### Dataset records
_ _ _

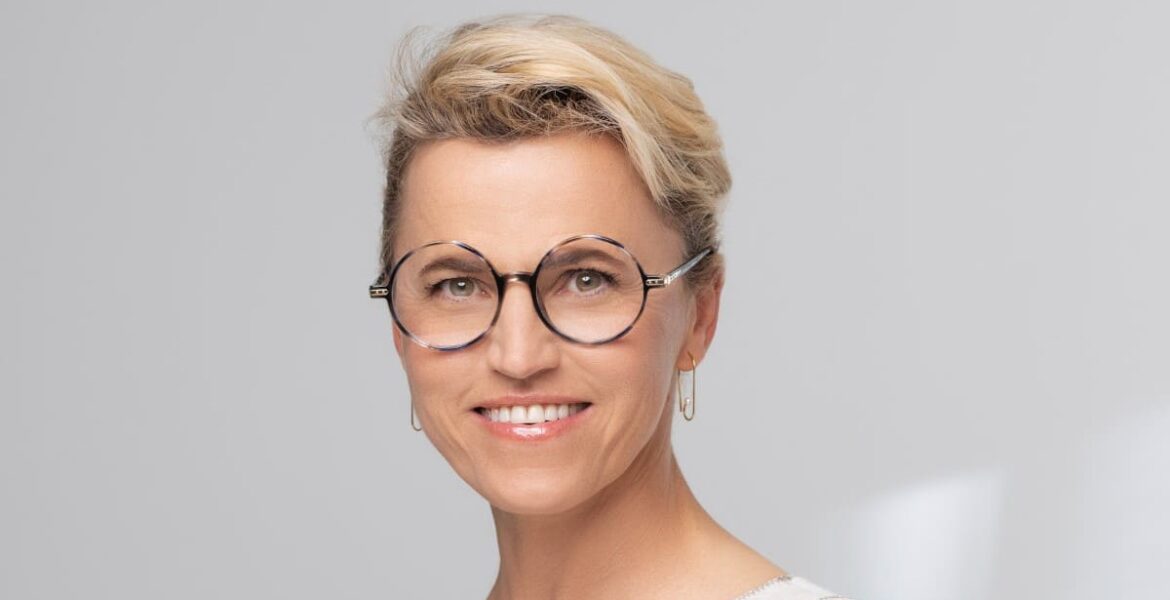 Kasia Orwat, założycielka i główna projektantka Poznańskiej Pracowni Projektowania Wnętrz Orwat Design.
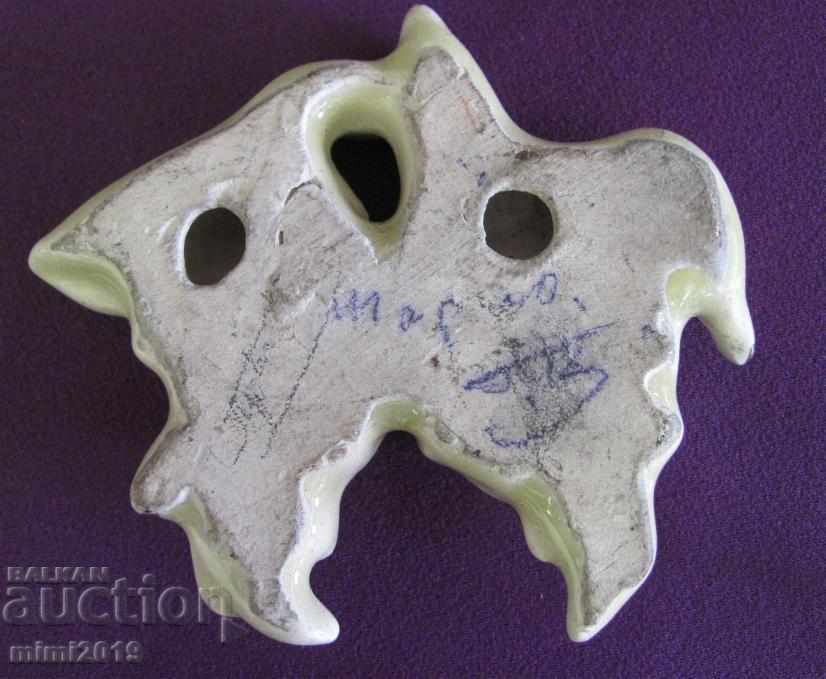 30s Old Pottery Dogs - 6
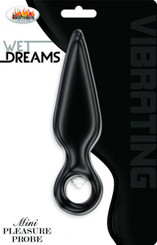 Wet Dreams Mini Pleasure Probe Black by Hott Products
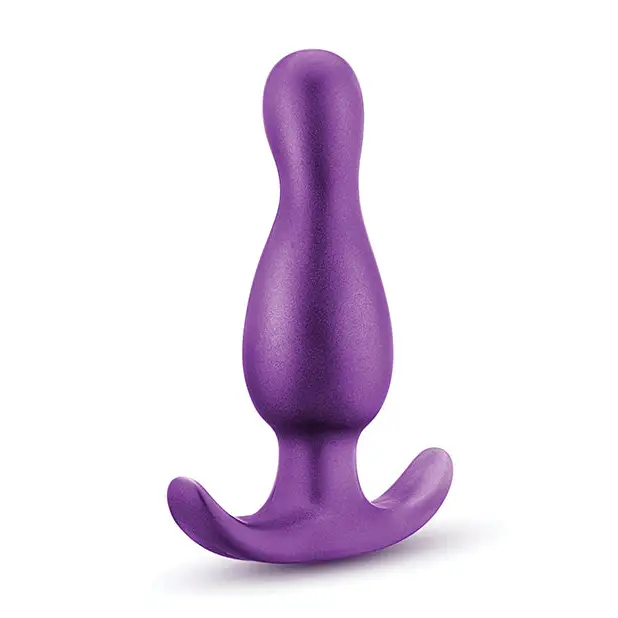 Anal Adventures Matrix By Blush Quantum Plug - Purple - Butt Plug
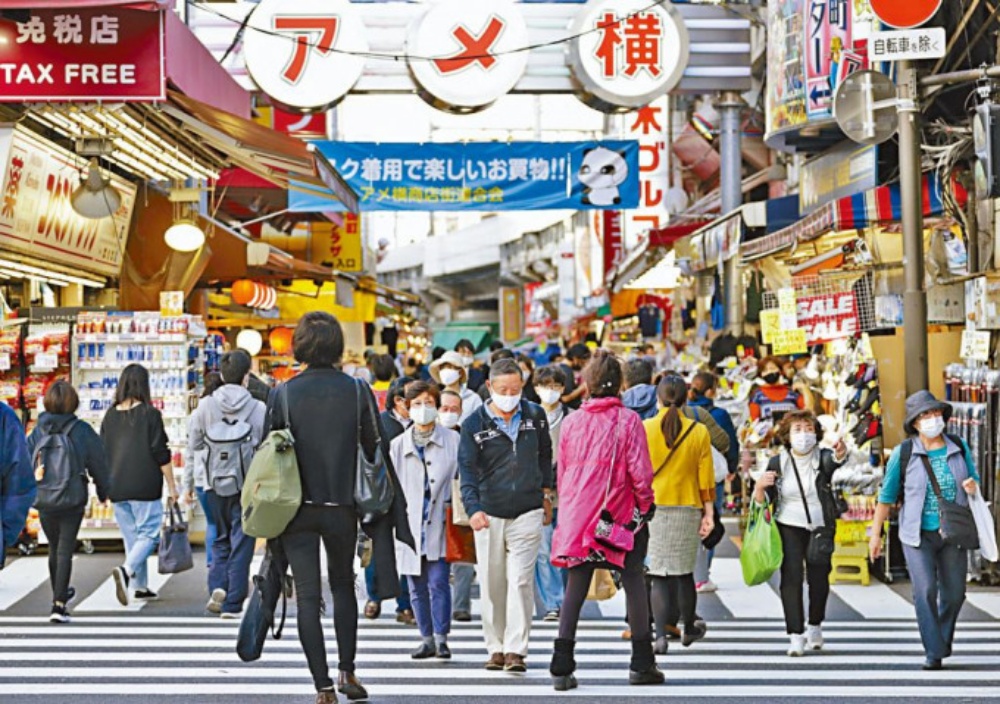 日本亦是內地人愛旅遊的地方。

_ _ _

### Activity
Each line from the one with "Anal Adventures Matrix" through the end of the entries should be reproduced exactly. Leave out the pictures.

### Result
 Anal Adventures Matrix By Blush Quantum Plug - Purple - Butt Plug
 日本亦是內地人愛旅遊的地方。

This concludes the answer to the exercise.